家に向かう最中、詩音は足を止める。そこには何故か一台のド派手な馬車が倒れていた。足を止めたのは詩音はその馬車に見覚えがあったからだ。
「クロエ様…?」
親しい友の名前を呼ぶ。馬車の近くの地面には血の跡と何人か倒れている護衛。
「クロエ様ッ!」
詩音は血相を変えて馬車に駆け寄った。馬車の扉を開いていて中には誰もいない。辺りを見回せば木の幹に倒れかかる人影が一つ。
「マノンさん!!」
彼女は息をしていてどうやら気絶しているだけのようだ。
最悪の状況ではなくほっと安堵の息を吐く、が木々がなぎ倒されるような音を聞き、詩音はその音の方へまた走り出した。
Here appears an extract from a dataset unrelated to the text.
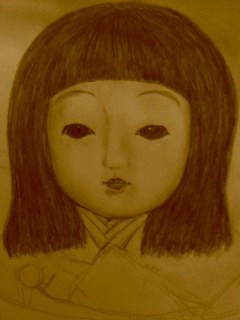 いちまさん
見つけたクロエは敵を前に無力にへたり込んで震えていた。ナタリアは直ぐにクロエと相手の間に割り込むように飛び出す。
「何をしてるの!」
「ナタリア…!」
詩音は見た。
獣だ。灰色の毛並みに少しでも触れれば傷ついてしまいそうな鋭い爪と牙、獲物を狙うように爛々と光る目はじっとこちらを向いていた。
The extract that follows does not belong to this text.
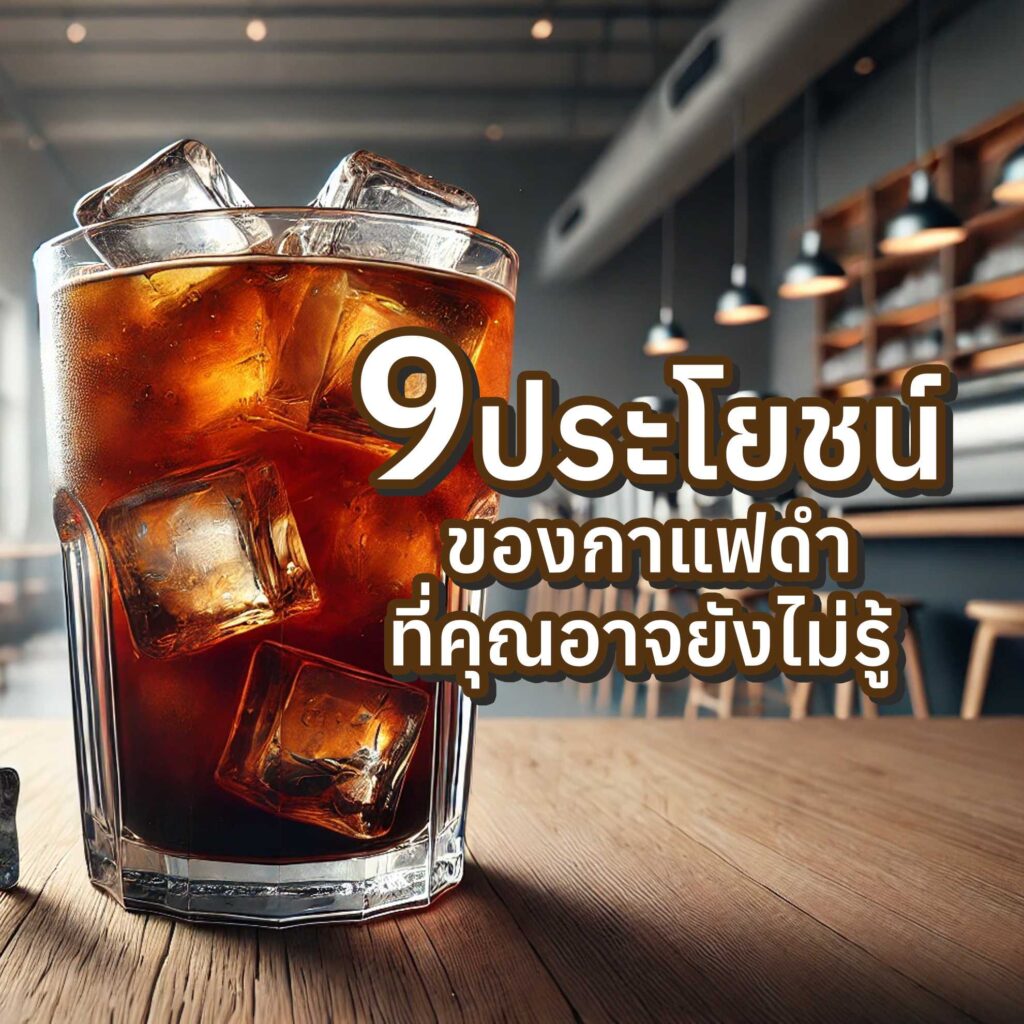 แก้วกาแฟดำเย็น 9ประโยชน์ ของกาแฟดำที่คุณอาจยังไม่รู้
しかしそれは人の形もしていた。二メートル近い体と強靭な肉体は二本の脚で支えられていたのだ。その姿はまるで……
「人狼……?」
詩音の呟きに獣は答えない。
どうしてこんなところに?そもそもここって人狼って存在するの?他国の者かそれか……
「ナ、ナタリア……」
弱々しいクロエの声に詩音ははっとして集中する。なんであれここを突破することが最優先だ。他のことは後で考えるべきだ。
詩音は体制を低くして身構える。
人狼は大きく吠えた。詩音は走り出す。
大きく振られた右腕をしゃがんで躱すと直ぐに体勢を戻し右手を突き出し──
『お前がお前のままでまだいたいと言うのなら────』
「ッ」
風魔法は人狼背中に当たった。当たったが……
しまった。思ったよりも威力が……。
詩音の攻撃は微塵も効いていない様子だった。人狼はゆっくり振り返る。
「躾が必要だ」
喋っ!?
その瞬間、詩音は木の幹に叩きつけられる。
「ッ────!」
強い衝撃を受けて息が詰まり呼吸が出来ない。意識が遠のいていく。
詩音は名前を呼ぶ声を聞きながら気絶した。